The term functional refers to a specific package management discipline. In Guix, the package build and installation process is seen as a function, in the mathematical sense: that function takes inputs, such as build scripts, a compiler, and libraries depended on, and returns the installed package. As a pure function, its result depends solely on its inputs—for instance, it cannot refer to software or scripts that were not explicitly passed as inputs. A build function always produces the same result when passed a given set of inputs. Last but not least, a build function cannot alter the system’s environment in any way; for instance, it cannot create, modify, or delete files outside of its build and installation directories. This is achieved by running build processes in dedicated “chroots”, where only their explicit inputs are visible.
The result of package build functions is cached in the file system, in a special directory called the store (see The Store).

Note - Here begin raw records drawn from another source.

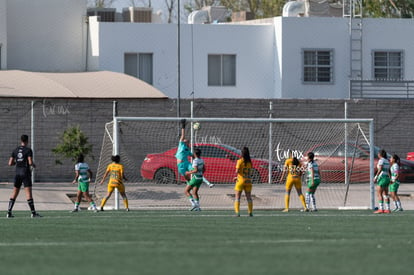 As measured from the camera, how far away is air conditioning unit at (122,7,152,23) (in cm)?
4334

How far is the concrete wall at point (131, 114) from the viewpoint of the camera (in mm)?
33906

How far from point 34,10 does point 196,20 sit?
27.5 ft

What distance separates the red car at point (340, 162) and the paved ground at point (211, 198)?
10.9 inches

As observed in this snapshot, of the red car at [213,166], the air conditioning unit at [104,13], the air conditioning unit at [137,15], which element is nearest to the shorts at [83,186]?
the red car at [213,166]

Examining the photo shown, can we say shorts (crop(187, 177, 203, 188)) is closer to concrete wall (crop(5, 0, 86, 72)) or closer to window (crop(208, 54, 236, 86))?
concrete wall (crop(5, 0, 86, 72))

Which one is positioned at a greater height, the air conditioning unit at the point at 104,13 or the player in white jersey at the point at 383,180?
the air conditioning unit at the point at 104,13

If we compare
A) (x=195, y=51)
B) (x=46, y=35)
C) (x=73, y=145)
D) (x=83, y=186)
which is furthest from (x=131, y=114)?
(x=83, y=186)

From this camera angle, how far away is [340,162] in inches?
1182

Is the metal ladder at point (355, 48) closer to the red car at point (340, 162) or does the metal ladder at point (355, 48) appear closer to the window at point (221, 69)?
the window at point (221, 69)

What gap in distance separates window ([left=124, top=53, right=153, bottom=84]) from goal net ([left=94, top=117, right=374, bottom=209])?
857 centimetres

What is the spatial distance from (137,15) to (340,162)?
53.8ft

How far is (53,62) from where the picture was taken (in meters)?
40.4

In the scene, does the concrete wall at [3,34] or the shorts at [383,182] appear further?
the concrete wall at [3,34]

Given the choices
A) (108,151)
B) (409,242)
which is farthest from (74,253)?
(108,151) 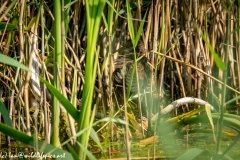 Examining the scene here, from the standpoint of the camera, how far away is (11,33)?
5.90 ft

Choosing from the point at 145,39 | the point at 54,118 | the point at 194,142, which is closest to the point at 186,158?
the point at 54,118

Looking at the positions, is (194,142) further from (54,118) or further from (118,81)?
(54,118)

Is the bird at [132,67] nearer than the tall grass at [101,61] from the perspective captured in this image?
No

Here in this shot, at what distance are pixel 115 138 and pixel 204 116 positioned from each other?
0.44 metres

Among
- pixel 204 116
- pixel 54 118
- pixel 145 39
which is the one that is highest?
pixel 145 39

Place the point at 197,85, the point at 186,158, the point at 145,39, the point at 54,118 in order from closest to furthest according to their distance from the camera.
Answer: the point at 186,158 < the point at 54,118 < the point at 145,39 < the point at 197,85

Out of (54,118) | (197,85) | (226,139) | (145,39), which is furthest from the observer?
(197,85)

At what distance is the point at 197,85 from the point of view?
8.10 feet

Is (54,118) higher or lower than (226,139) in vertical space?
higher

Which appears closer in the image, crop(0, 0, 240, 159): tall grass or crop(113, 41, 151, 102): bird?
crop(0, 0, 240, 159): tall grass

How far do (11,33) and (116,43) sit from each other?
0.76 metres

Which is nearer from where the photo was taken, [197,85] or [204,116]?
[204,116]

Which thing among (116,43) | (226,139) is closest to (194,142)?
(226,139)

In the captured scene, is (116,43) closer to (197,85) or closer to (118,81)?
(118,81) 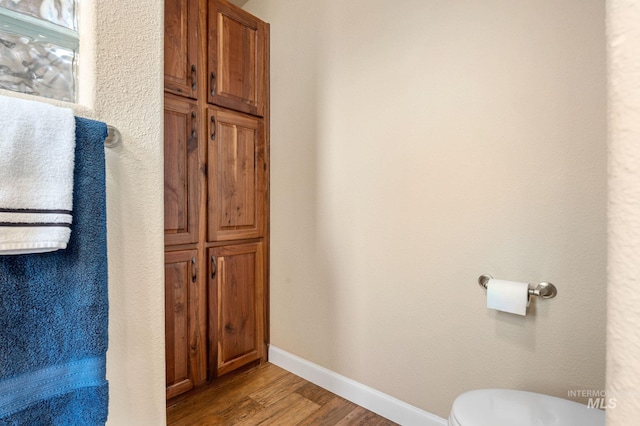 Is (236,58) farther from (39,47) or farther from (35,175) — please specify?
(35,175)

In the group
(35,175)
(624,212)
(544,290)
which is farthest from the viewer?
(544,290)

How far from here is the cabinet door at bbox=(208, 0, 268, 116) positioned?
185 centimetres

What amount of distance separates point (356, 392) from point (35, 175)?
1.73 meters

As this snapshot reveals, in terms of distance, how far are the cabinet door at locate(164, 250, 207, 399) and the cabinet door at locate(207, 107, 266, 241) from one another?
9.0 inches

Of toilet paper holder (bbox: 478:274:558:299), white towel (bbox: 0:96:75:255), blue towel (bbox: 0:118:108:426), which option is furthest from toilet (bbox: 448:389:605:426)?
white towel (bbox: 0:96:75:255)

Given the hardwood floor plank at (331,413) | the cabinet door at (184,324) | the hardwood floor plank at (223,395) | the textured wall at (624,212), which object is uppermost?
the textured wall at (624,212)

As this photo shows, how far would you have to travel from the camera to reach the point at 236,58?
1959 mm

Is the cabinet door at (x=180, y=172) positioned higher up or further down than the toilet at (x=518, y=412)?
higher up

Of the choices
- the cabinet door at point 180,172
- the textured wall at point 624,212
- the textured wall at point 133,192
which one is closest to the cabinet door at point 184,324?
the cabinet door at point 180,172

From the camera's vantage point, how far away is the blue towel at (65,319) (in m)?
0.56

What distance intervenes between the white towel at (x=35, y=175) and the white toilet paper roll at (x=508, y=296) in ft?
4.38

Each package is installed in a directory of its own, in the store—by default under /nix/store. The directory name contains a hash of all the inputs used to build that package; thus, changing an input yields a different directory name.
This approach is the foundation of Guix’s salient features: support for transactional package upgrades and rollback, per-user installation, and garbage collection of packages (see Features).
Guix has a command-line interface allowing users to build, install, upgrade, and remove packages, as well as a Scheme programming interface. The remainder of this manual describes them.
Last but not least, Guix is used to build a distribution of the GNU system, with many GNU and non-GNU free software packages. See GNU Distribution.
“Guix” is pronounced like “geeks”, or “ɡiːks” using the international phonetic alphabet (IPA).